Short text fragments from websites:
###
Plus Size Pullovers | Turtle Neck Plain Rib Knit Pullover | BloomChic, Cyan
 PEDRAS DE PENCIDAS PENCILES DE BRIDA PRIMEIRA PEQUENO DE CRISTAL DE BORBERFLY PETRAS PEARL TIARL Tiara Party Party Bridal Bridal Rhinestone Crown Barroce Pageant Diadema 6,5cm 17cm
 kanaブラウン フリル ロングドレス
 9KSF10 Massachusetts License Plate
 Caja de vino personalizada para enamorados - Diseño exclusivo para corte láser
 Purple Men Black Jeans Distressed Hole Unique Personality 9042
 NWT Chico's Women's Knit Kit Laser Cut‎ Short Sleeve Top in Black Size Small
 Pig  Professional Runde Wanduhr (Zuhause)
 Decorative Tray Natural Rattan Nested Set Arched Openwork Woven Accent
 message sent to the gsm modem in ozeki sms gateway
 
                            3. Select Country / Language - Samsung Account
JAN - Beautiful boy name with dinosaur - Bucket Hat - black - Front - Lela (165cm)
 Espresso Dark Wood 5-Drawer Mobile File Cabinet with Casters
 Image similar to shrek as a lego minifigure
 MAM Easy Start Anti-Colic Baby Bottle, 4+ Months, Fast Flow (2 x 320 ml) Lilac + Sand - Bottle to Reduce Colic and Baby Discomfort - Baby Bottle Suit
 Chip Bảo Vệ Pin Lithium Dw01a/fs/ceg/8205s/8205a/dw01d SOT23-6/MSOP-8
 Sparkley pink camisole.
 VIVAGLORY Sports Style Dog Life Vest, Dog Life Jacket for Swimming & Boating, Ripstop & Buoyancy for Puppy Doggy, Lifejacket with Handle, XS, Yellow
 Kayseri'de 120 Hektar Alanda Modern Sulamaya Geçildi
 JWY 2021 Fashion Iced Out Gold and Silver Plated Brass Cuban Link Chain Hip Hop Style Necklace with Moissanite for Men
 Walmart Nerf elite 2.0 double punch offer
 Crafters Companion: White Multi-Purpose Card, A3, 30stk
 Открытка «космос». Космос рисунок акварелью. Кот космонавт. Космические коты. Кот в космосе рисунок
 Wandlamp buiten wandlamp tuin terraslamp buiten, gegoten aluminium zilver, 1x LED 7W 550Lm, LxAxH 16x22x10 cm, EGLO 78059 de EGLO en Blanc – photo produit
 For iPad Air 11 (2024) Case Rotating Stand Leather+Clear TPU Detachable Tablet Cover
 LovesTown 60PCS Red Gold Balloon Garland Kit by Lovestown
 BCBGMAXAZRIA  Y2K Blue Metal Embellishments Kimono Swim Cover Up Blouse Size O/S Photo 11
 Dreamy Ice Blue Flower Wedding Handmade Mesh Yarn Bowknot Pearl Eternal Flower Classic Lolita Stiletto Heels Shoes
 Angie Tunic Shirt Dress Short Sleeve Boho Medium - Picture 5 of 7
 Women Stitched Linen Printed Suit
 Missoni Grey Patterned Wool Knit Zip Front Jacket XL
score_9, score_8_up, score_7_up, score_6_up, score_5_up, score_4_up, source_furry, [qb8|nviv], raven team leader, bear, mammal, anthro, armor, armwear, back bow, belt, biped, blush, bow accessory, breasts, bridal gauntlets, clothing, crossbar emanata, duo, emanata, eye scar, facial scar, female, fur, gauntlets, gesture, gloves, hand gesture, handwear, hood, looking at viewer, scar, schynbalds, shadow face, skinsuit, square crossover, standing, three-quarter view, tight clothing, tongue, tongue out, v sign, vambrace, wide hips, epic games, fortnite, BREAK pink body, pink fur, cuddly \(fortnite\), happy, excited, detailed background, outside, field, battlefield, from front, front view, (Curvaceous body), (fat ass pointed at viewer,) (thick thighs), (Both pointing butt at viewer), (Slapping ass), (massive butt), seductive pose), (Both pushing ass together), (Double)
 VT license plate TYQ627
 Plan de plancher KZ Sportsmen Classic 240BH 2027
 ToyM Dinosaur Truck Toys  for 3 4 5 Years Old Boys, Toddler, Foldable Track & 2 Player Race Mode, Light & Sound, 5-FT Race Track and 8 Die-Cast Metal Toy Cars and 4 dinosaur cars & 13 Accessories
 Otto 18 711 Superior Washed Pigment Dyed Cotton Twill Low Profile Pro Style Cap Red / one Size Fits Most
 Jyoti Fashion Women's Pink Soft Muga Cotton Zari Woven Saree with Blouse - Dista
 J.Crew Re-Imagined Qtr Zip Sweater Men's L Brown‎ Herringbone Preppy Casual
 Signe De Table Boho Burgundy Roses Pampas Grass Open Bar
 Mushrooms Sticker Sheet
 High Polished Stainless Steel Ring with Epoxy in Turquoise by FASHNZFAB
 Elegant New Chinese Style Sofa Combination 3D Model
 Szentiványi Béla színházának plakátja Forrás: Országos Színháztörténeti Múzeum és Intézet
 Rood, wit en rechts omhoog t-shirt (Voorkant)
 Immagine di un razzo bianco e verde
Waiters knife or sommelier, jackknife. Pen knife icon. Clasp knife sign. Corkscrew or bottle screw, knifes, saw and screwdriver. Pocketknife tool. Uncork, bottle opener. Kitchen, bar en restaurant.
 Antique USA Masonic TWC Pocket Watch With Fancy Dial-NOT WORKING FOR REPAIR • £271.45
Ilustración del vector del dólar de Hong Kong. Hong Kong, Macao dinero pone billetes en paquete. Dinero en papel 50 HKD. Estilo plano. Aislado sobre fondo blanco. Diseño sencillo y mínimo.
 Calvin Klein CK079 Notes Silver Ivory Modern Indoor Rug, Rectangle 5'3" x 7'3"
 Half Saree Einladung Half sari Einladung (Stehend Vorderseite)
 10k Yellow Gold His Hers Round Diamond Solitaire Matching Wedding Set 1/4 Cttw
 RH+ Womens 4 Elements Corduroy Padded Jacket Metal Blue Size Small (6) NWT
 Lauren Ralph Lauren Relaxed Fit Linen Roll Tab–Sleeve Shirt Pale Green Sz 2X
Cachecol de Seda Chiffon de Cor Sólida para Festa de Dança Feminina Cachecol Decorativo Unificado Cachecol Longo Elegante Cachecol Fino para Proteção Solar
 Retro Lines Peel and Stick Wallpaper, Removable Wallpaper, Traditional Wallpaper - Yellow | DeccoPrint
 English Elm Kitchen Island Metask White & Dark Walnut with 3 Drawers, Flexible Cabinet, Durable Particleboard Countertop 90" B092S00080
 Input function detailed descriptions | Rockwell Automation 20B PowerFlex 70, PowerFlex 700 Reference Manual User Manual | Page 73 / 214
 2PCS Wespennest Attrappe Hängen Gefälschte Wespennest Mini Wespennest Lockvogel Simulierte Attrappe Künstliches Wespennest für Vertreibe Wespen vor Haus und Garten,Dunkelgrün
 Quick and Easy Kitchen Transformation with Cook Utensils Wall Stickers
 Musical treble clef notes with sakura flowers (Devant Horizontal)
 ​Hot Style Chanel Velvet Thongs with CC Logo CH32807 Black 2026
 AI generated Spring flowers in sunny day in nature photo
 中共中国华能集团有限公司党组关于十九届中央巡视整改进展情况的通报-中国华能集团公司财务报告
###
Work order :: Wherever the word "Blouse" occurs in the data above, copy the line it sits in.

Exercise output ::
 BCBGMAXAZRIA  Y2K Blue Metal Embellishments Kimono Swim Cover Up Blouse Size O/S Photo 11
 Jyoti Fashion Women's Pink Soft Muga Cotton Zari Woven Saree with Blouse - Dista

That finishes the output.